Supplied material:

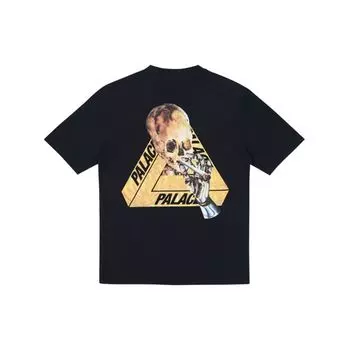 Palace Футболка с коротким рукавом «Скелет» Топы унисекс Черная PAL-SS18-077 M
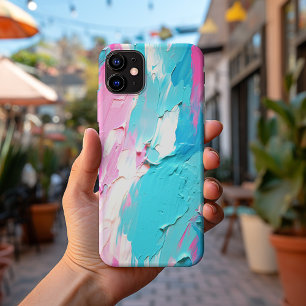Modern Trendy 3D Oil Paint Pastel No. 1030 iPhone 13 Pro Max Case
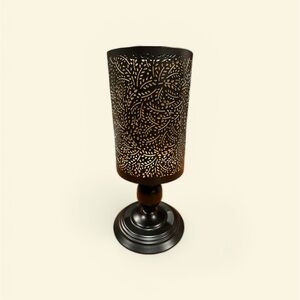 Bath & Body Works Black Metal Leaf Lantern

---

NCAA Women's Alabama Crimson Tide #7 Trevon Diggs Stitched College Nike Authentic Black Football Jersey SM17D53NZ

Work to complete: Nothing but the lines above from the one that has "Palace Футболка с" down to the one that has "Bath & Body Works Black Metal Leaf Lantern" belongs in the answer, copied exactly, without pictures.

The answer:
 Palace Футболка с коротким рукавом «Скелет» Топы унисекс Черная PAL-SS18-077 M
Modern Trendy 3D Oil Paint Pastel No. 1030 iPhone 13 Pro Max Case
 Bath & Body Works Black Metal Leaf Lantern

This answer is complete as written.